Short web captions
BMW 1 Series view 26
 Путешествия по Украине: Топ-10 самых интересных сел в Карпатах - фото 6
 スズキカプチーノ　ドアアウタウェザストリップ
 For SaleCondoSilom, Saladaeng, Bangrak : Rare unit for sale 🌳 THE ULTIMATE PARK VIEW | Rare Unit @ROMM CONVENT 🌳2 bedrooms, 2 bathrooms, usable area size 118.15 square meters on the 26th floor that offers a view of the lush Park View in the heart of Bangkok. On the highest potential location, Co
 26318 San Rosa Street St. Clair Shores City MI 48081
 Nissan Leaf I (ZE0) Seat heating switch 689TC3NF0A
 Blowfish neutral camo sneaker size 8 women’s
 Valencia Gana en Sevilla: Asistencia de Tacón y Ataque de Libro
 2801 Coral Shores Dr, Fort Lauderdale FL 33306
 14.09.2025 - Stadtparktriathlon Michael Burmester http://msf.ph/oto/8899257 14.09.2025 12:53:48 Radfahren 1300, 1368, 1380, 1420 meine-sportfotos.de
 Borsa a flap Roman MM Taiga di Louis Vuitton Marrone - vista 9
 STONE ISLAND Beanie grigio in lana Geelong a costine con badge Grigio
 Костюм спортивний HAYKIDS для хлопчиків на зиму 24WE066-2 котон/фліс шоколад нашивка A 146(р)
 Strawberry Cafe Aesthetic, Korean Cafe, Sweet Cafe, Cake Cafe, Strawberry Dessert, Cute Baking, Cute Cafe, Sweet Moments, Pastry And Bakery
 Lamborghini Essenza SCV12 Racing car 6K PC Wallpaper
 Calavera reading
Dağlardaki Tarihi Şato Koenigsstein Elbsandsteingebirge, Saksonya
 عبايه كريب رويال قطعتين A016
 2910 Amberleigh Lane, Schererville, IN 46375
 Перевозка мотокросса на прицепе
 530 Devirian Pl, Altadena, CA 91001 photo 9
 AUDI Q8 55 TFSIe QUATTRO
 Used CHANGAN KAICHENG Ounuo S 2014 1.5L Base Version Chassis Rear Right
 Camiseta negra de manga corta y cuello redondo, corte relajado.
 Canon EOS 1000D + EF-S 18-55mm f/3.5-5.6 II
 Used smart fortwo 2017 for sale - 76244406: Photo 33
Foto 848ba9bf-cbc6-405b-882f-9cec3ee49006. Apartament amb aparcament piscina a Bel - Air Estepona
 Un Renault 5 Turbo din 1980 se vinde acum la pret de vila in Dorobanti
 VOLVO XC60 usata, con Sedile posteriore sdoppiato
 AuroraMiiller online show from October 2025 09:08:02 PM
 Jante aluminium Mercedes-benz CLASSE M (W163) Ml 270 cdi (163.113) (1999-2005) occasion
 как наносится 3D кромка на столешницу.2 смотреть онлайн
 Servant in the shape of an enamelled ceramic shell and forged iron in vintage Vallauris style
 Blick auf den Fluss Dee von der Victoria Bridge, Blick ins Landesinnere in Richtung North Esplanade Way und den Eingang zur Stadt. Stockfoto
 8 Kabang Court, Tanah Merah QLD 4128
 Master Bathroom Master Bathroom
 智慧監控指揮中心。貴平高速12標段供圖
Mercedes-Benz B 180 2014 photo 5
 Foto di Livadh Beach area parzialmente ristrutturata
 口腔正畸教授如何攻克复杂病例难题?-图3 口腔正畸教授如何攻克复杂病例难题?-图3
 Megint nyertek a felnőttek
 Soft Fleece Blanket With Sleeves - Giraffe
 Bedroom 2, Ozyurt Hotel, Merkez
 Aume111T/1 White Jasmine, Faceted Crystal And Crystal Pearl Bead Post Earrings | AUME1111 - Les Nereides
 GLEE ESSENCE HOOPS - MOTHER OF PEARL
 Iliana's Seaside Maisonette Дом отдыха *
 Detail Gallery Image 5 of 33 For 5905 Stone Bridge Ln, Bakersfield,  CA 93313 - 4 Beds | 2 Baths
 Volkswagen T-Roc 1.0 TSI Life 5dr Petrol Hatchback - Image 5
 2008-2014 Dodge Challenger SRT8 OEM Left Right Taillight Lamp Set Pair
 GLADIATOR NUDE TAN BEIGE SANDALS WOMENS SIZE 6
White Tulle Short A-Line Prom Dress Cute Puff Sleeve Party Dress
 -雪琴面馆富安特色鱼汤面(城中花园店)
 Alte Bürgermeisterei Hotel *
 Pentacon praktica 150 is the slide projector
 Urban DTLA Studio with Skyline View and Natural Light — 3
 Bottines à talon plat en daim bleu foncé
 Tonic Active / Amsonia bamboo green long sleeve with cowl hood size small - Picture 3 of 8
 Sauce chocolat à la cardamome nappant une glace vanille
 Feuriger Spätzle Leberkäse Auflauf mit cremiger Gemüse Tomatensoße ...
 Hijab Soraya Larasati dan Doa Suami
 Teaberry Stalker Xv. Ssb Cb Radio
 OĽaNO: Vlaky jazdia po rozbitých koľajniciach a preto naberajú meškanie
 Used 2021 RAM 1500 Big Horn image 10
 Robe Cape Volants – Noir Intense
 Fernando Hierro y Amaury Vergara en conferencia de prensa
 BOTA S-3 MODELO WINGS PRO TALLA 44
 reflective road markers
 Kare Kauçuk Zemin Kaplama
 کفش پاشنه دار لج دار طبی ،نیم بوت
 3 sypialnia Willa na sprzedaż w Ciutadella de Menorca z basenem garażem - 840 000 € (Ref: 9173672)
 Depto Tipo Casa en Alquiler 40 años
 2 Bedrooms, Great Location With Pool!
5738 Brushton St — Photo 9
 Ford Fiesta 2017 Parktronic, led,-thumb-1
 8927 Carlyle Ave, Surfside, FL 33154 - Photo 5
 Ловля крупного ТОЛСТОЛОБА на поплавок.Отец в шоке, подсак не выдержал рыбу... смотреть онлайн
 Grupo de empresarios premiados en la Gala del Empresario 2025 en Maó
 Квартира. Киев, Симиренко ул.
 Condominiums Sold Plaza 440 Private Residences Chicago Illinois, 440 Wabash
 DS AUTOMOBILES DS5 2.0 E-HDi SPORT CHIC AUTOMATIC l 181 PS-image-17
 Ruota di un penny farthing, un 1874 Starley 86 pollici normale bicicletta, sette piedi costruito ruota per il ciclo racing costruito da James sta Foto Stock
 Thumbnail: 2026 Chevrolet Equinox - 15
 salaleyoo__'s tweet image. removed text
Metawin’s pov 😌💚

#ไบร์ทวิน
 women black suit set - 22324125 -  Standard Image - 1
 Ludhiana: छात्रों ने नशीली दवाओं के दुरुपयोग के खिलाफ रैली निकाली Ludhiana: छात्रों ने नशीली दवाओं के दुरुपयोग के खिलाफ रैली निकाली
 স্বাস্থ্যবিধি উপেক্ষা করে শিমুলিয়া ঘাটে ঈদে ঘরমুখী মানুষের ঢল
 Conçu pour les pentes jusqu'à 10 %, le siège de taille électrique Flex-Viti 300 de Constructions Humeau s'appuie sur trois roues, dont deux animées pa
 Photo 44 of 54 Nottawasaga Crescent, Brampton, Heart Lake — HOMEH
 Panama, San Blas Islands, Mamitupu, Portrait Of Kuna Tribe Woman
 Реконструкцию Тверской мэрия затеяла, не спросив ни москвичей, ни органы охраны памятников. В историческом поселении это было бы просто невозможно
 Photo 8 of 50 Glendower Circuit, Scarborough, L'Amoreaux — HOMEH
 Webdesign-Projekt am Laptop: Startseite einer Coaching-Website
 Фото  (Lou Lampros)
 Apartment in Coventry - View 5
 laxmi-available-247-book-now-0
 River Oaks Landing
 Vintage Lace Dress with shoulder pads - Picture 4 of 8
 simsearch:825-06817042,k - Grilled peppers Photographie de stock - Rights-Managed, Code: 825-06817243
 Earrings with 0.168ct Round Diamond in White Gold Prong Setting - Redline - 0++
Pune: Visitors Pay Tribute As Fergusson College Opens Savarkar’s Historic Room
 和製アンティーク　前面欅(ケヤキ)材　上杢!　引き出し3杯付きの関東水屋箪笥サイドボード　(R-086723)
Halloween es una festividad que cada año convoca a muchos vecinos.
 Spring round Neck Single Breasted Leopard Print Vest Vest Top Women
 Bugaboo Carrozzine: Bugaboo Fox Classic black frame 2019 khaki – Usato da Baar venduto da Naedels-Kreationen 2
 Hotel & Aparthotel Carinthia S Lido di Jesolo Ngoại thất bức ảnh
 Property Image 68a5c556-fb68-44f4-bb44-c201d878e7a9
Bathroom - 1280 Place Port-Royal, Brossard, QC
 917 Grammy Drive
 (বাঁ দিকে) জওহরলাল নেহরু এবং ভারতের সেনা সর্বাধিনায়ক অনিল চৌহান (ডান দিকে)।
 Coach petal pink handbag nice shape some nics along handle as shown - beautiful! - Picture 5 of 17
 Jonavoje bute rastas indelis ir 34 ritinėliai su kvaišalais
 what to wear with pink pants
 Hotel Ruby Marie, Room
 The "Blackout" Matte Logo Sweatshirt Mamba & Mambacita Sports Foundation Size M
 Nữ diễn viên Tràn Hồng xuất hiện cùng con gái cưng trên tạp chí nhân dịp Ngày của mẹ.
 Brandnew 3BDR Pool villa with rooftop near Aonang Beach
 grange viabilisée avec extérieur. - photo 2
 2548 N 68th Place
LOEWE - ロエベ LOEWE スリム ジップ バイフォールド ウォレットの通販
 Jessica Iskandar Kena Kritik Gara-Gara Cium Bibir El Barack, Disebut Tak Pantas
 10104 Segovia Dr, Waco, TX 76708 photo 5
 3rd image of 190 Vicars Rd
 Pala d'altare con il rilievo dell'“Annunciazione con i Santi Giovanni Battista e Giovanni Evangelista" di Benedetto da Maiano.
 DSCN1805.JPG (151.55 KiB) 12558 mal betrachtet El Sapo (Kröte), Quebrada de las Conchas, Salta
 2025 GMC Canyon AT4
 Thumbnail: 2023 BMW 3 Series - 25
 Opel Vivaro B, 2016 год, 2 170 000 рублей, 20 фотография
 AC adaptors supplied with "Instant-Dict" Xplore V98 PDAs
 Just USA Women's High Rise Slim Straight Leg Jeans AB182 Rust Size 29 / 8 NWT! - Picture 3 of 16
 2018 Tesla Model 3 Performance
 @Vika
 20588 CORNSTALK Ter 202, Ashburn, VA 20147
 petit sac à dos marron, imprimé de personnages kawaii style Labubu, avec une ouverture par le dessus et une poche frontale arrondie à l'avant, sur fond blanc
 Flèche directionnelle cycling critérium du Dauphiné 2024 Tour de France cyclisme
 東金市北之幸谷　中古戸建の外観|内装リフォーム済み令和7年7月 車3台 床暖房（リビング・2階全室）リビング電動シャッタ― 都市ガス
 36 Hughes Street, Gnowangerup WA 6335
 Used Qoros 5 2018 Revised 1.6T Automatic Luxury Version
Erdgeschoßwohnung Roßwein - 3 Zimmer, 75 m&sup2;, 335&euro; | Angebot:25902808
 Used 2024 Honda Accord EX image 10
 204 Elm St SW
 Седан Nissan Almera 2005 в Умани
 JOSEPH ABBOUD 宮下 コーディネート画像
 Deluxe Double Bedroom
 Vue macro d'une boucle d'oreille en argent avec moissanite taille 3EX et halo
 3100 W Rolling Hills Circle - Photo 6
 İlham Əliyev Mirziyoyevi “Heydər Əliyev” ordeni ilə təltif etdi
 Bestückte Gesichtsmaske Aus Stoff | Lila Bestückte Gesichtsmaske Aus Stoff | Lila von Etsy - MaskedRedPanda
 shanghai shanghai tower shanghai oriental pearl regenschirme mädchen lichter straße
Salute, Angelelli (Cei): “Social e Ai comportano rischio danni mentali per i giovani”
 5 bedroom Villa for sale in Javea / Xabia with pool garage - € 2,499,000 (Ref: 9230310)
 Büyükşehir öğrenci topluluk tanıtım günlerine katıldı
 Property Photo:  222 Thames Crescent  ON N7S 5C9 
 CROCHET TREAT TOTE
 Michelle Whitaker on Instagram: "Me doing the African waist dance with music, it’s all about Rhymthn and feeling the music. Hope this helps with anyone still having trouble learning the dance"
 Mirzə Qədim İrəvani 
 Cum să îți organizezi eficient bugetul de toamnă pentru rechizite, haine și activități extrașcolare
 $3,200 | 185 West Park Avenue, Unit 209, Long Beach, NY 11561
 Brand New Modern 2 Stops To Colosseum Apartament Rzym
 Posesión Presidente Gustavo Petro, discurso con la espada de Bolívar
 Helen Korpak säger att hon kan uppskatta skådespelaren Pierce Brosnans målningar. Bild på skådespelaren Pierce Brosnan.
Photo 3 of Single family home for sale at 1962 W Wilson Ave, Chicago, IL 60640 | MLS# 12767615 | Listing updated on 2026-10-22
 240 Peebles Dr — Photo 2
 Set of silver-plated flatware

■ **Problem description**: Copy each line in the data that holds the word "avec".

■ **Solution to this problem**:
 grange viabilisée avec extérieur. - photo 2
 petit sac à dos marron, imprimé de personnages kawaii style Labubu, avec une ouverture par le dessus et une poche frontale arrondie à l'avant, sur fond blanc
 Vue macro d'une boucle d'oreille en argent avec moissanite taille 3EX et halo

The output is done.